It is almost impossible to underestimate the role of religion in the process of asserting one’s ethnic identity. In this regard, we could almost equate the building of the Hyolmo Gompa16 in Tinchuli (Kathmandu) with the growing awareness of Hyolmo identity itself (Torri 2017). After all, the Gompa provided a safe space and a cornerstone from which to articulate, express and display—that is, shape internally and make visible externally—their specificity. The rise of worship places related to minorities’ different religious traditions constitutes a salient element of the movement for secularism, providing each group with a proper environment through which to project themselves onto the larger framework of the Nepalese social landscape. The construction of new worship places epitomizes the spread of religious identities or rather, their surfacing to public life and quest for recognition. The same applies to religious festivals, which became a “primary productive activity directly related to formations of identity and political demands for recognition in contemporary Nepal” (Holmberg 2016, 302). The growing number of religious celebrations is part of a campaign for equal treatment by the state, up to the incorporation of non-Hindu festivals in the schedule of national holidays. As it seems, the de-Hinduization of the Nepali state apparatuses requires a proper political environment (the parliament, the constitution), a dedicated space (new sacred spaces, temples, shrines etc.), the ‘revival’ of folk/traditional practices (songs, dances), and even dedicated days (holidays and religious festivals) in which to conjure all of the above in the making and displaying of ethnic identities. A quick look at the Nepalese calendar will suffice to demonstrate this trend: to name only a few, the list of public holidays in Nepal, beside the Hindu festivities (Shivaratri, Krishna Janmasthami, Dashain, etc.), now also include the Buddha Jayanti and the Lhosar, the birthday of Muhammad and the end of the Ramadan, Christmas Day, together with Democracy Day, Constitution Day and Martyrs’ Day.

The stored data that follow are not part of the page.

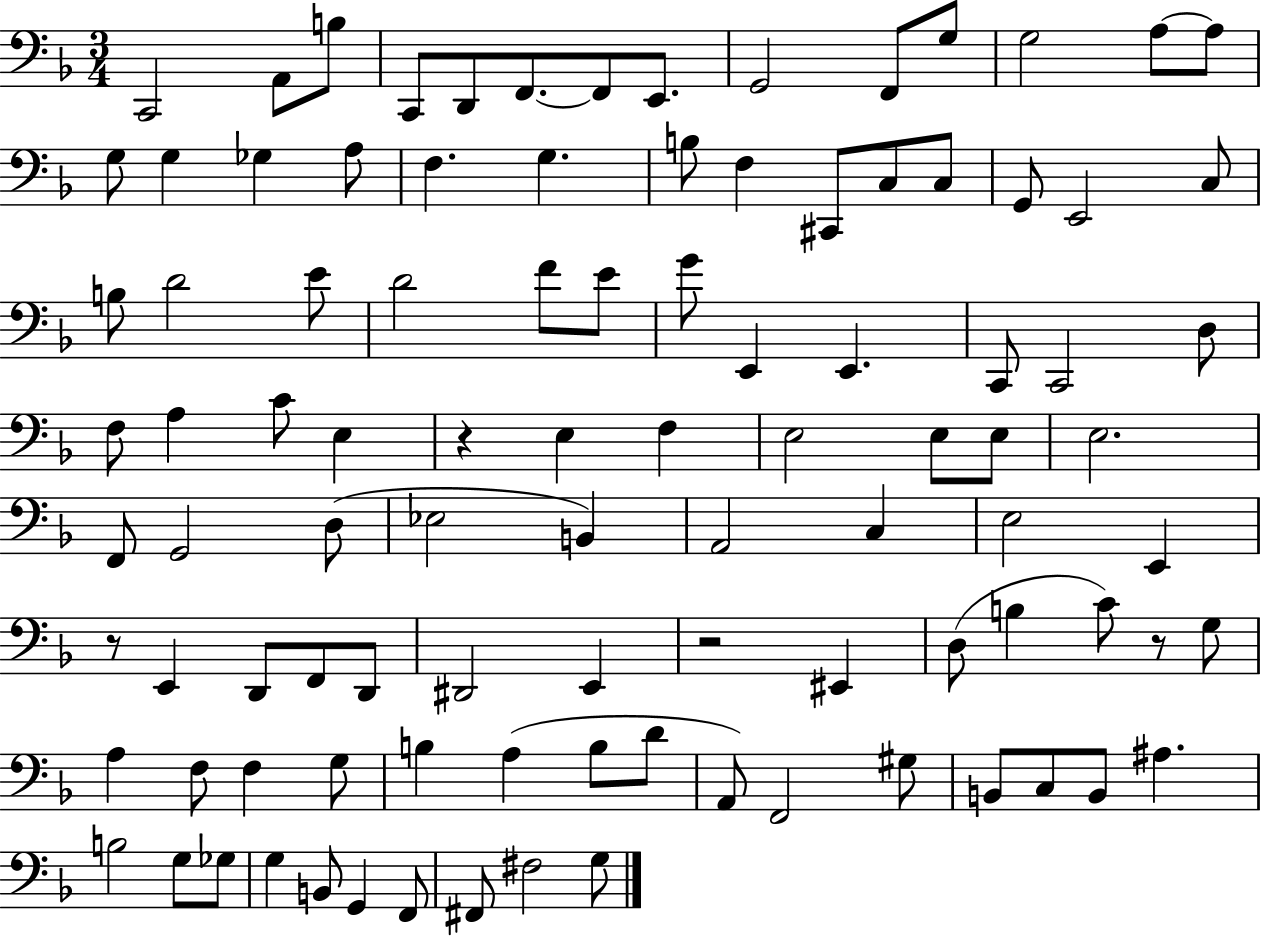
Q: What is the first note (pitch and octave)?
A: C2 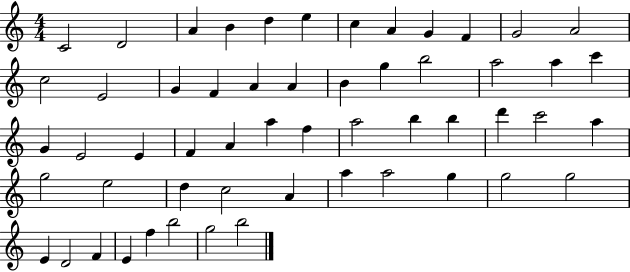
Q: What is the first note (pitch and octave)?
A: C4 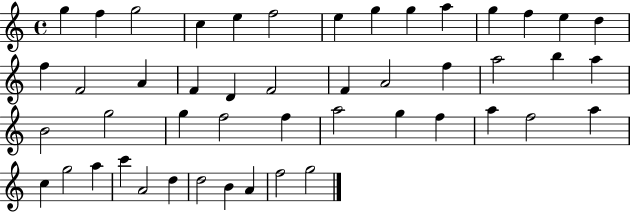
G5/q F5/q G5/h C5/q E5/q F5/h E5/q G5/q G5/q A5/q G5/q F5/q E5/q D5/q F5/q F4/h A4/q F4/q D4/q F4/h F4/q A4/h F5/q A5/h B5/q A5/q B4/h G5/h G5/q F5/h F5/q A5/h G5/q F5/q A5/q F5/h A5/q C5/q G5/h A5/q C6/q A4/h D5/q D5/h B4/q A4/q F5/h G5/h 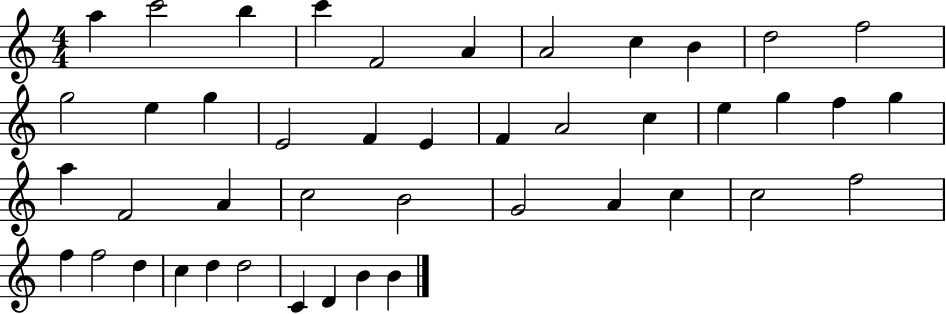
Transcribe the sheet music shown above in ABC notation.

X:1
T:Untitled
M:4/4
L:1/4
K:C
a c'2 b c' F2 A A2 c B d2 f2 g2 e g E2 F E F A2 c e g f g a F2 A c2 B2 G2 A c c2 f2 f f2 d c d d2 C D B B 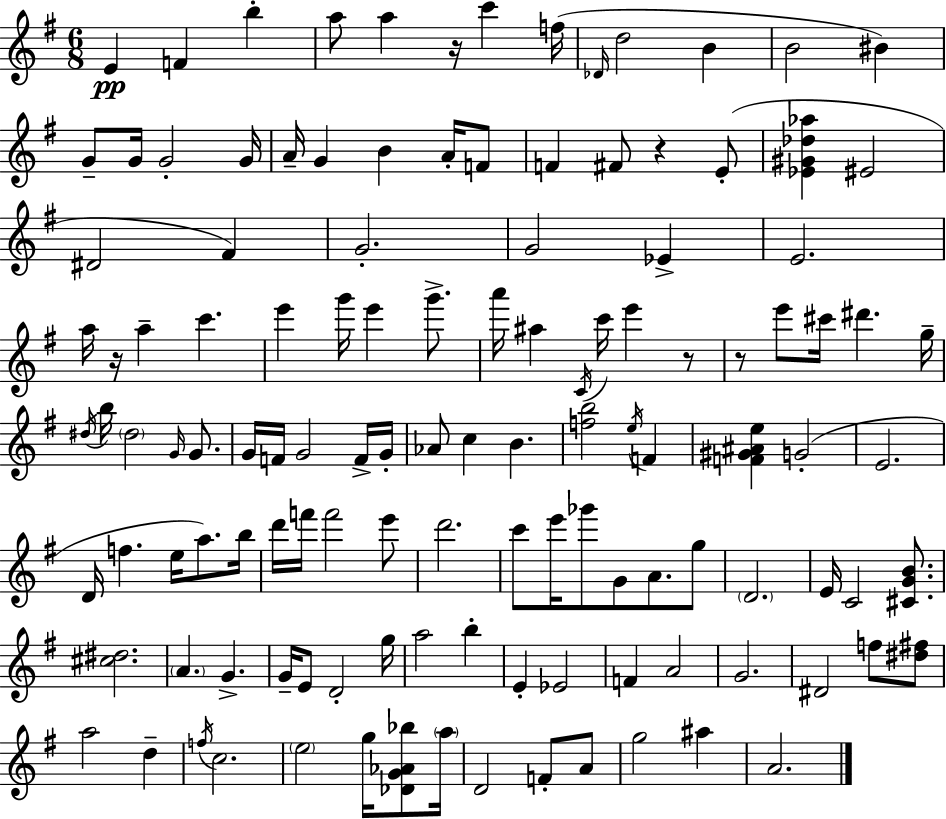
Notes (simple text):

E4/q F4/q B5/q A5/e A5/q R/s C6/q F5/s Db4/s D5/h B4/q B4/h BIS4/q G4/e G4/s G4/h G4/s A4/s G4/q B4/q A4/s F4/e F4/q F#4/e R/q E4/e [Eb4,G#4,Db5,Ab5]/q EIS4/h D#4/h F#4/q G4/h. G4/h Eb4/q E4/h. A5/s R/s A5/q C6/q. E6/q G6/s E6/q G6/e. A6/s A#5/q C4/s C6/s E6/q R/e R/e E6/e C#6/s D#6/q. G5/s D#5/s B5/s D#5/h G4/s G4/e. G4/s F4/s G4/h F4/s G4/s Ab4/e C5/q B4/q. [F5,B5]/h E5/s F4/q [F4,G#4,A#4,E5]/q G4/h E4/h. D4/s F5/q. E5/s A5/e. B5/s D6/s F6/s F6/h E6/e D6/h. C6/e E6/s Gb6/e G4/e A4/e. G5/e D4/h. E4/s C4/h [C#4,G4,B4]/e. [C#5,D#5]/h. A4/q. G4/q. G4/s E4/e D4/h G5/s A5/h B5/q E4/q Eb4/h F4/q A4/h G4/h. D#4/h F5/e [D#5,F#5]/e A5/h D5/q F5/s C5/h. E5/h G5/s [Db4,G4,Ab4,Bb5]/e A5/s D4/h F4/e A4/e G5/h A#5/q A4/h. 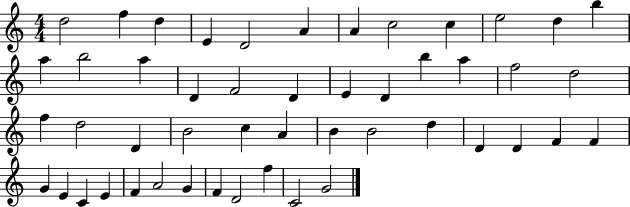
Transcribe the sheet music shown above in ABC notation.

X:1
T:Untitled
M:4/4
L:1/4
K:C
d2 f d E D2 A A c2 c e2 d b a b2 a D F2 D E D b a f2 d2 f d2 D B2 c A B B2 d D D F F G E C E F A2 G F D2 f C2 G2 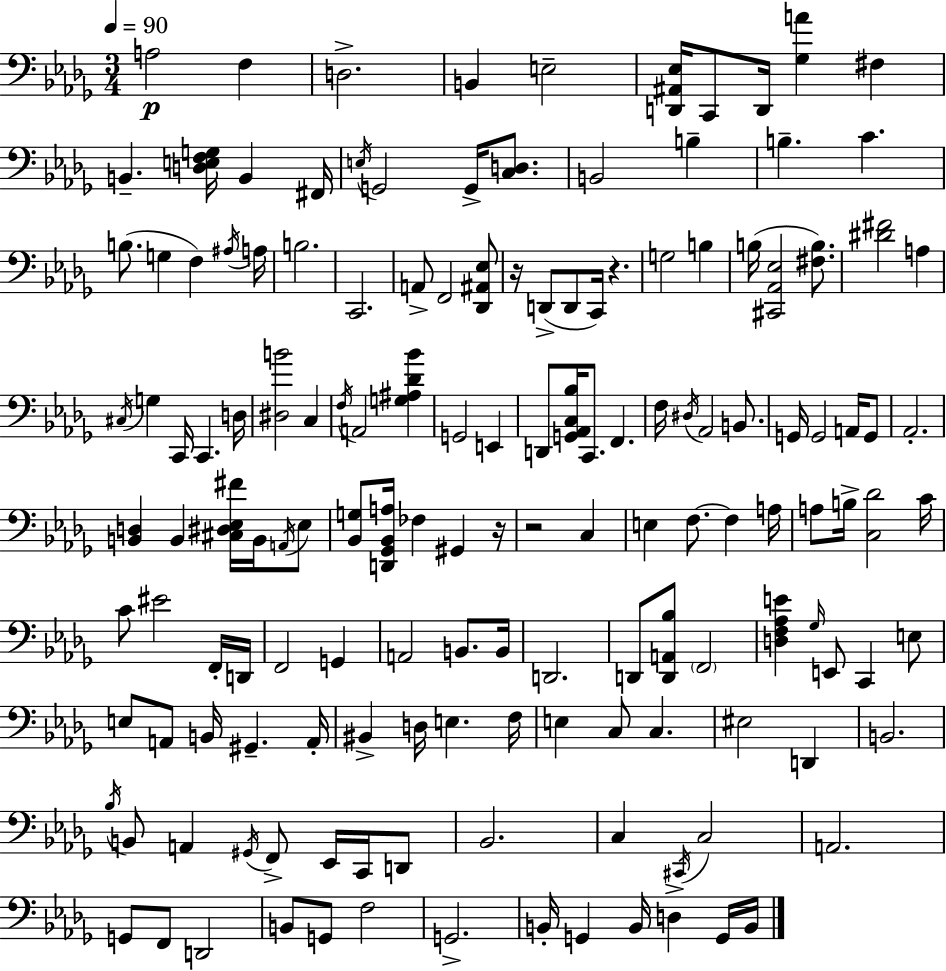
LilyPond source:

{
  \clef bass
  \numericTimeSignature
  \time 3/4
  \key bes \minor
  \tempo 4 = 90
  \repeat volta 2 { a2\p f4 | d2.-> | b,4 e2-- | <d, ais, ees>16 c,8 d,16 <ges a'>4 fis4 | \break b,4.-- <d e f g>16 b,4 fis,16 | \acciaccatura { e16 } g,2 g,16-> <c d>8. | b,2 b4-- | b4.-- c'4. | \break b8.( g4 f4) | \acciaccatura { ais16 } a16 b2. | c,2. | a,8-> f,2 | \break <des, ais, ees>8 r16 d,8->( d,8 c,16) r4. | g2 b4 | b16( <cis, aes, ees>2 <fis b>8.) | <dis' fis'>2 a4 | \break \acciaccatura { cis16 } g4 c,16 c,4. | d16 <dis b'>2 c4 | \acciaccatura { f16 } a,2 | <g ais des' bes'>4 g,2 | \break e,4 d,8 <g, aes, c bes>16 c,8. f,4. | f16 \acciaccatura { dis16 } aes,2 | b,8. g,16 g,2 | a,16 g,8 aes,2.-. | \break <b, d>4 b,4 | <cis dis ees fis'>16 b,16 \acciaccatura { a,16 } ees8 <bes, g>8 <d, ges, bes, a>16 fes4 | gis,4 r16 r2 | c4 e4 f8.~~ | \break f4 a16 a8 b16-> <c des'>2 | c'16 c'8 eis'2 | f,16-. d,16 f,2 | g,4 a,2 | \break b,8. b,16 d,2. | d,8 <d, a, bes>8 \parenthesize f,2 | <d f aes e'>4 \grace { ges16 } e,8 | c,4 e8 e8 a,8 b,16 | \break gis,4.-- a,16-. bis,4-> d16 | e4. f16 e4 c8 | c4. eis2 | d,4 b,2. | \break \acciaccatura { bes16 } b,8 a,4 | \acciaccatura { gis,16 } f,8-> ees,16 c,16 d,8 bes,2. | c4 | \acciaccatura { cis,16 } c2 a,2. | \break g,8 | f,8 d,2 b,8 | g,8 f2 g,2.-> | b,16-. g,4 | \break b,16 d4-> g,16 b,16 } \bar "|."
} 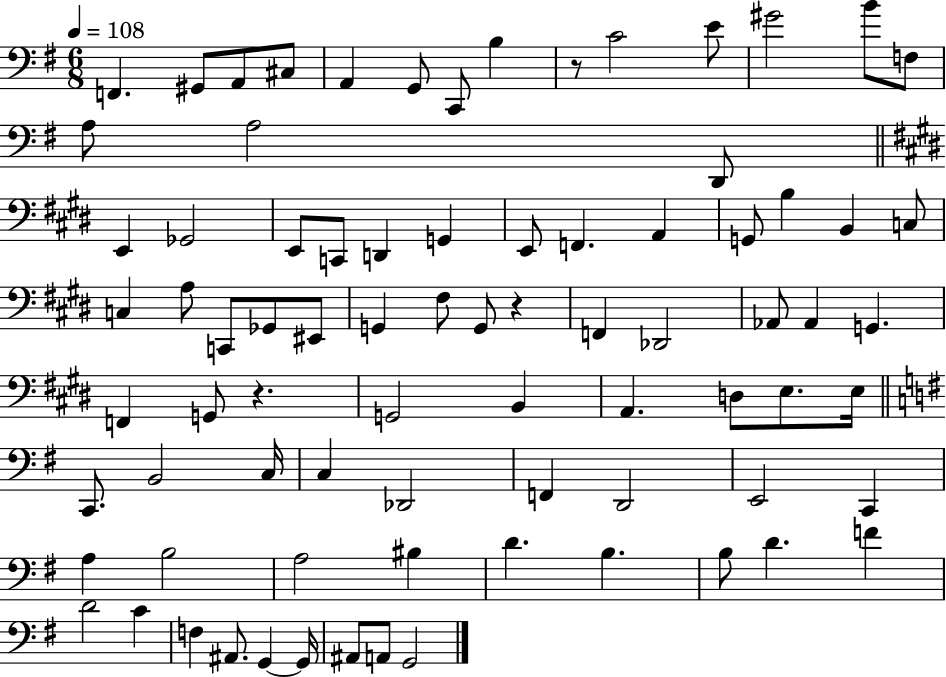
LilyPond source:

{
  \clef bass
  \numericTimeSignature
  \time 6/8
  \key g \major
  \tempo 4 = 108
  f,4. gis,8 a,8 cis8 | a,4 g,8 c,8 b4 | r8 c'2 e'8 | gis'2 b'8 f8 | \break a8 a2 d,8 | \bar "||" \break \key e \major e,4 ges,2 | e,8 c,8 d,4 g,4 | e,8 f,4. a,4 | g,8 b4 b,4 c8 | \break c4 a8 c,8 ges,8 eis,8 | g,4 fis8 g,8 r4 | f,4 des,2 | aes,8 aes,4 g,4. | \break f,4 g,8 r4. | g,2 b,4 | a,4. d8 e8. e16 | \bar "||" \break \key e \minor c,8. b,2 c16 | c4 des,2 | f,4 d,2 | e,2 c,4 | \break a4 b2 | a2 bis4 | d'4. b4. | b8 d'4. f'4 | \break d'2 c'4 | f4 ais,8. g,4~~ g,16 | ais,8 a,8 g,2 | \bar "|."
}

A common theme seems to resurface in all these expressions of indigenous religions’ revivals and among new religious movements at the fringe of orthodox Hinduism. This fil rouge is the invocation of a deep connection between the turbulent present and an imagined distant past. In the idea of tradition itself, the past is often invoked as an infinite, and intangible, source of legitimacy. Thus every revival transforms an idealized past into a desideratum and uses such a model as a source of originality and authority. The dialectic of the present and the past also entails an opposition between change, corruption and the risk of loss (usually associated with the present) and stability, authenticity and purity (usually associated with the past). Yet every revival could be seen as an innovative process to adapt to new contexts, all the while proclaiming adherence to the old ways in the days of yore. Nepal’s intermediate past, inherently corruptive, seems to correspond to its recent history, from the eighteenth century, when the country was unified, up to the last king of the Shah dynasty. In the minorities’ view, these two centuries correspond to the effort to create a national identity by superimposing the Nepali language and Hindu religion, just like the minor reigns and chiefdoms of the Himalayan hills were annihilated in the imperialist campaigns of the king of Gorkha.17
The new Nepal, striving towards secularism, is more religious than ever. But what kind of secularism is actually being debated in the country? The 2015 Constitution refers to ‘secular’ as dharma nirapeksa, ‘neutral to religion.’ The closer term of comparison is taken from the Indian 1976 Constitution, where the discussion on secularism,18 or, conversely, on the role of religion in its relation to the state, was articulated mainly along two lines, as argued by Arvind Sharma:
The first term is dharma-nirapeksa. This reflects Nehru’s understanding of it, for whom religion belonged to the past and the future belonged to science alone. So the state should have nothing to do with religion because it was something backward, the opium of the masses. This concept of secularism implies a negative assessment of religion. The other term used to represent the word secularism in Indian languages is sarva-dharma-sama-bha-va. That is to say, looking upon all religions as the same, not in the sense that they are all the same and there is no difference among them, but in the sense that all are equally entitled to our respect and consideration. This reflects Gandhi’s understanding of the term, who identified religion with morality and respected all religions. For Gandhi, unlike Nehru, religion was not something to be avoided but to be inculcated, but without giving preference to any one religion (Sharma 2013).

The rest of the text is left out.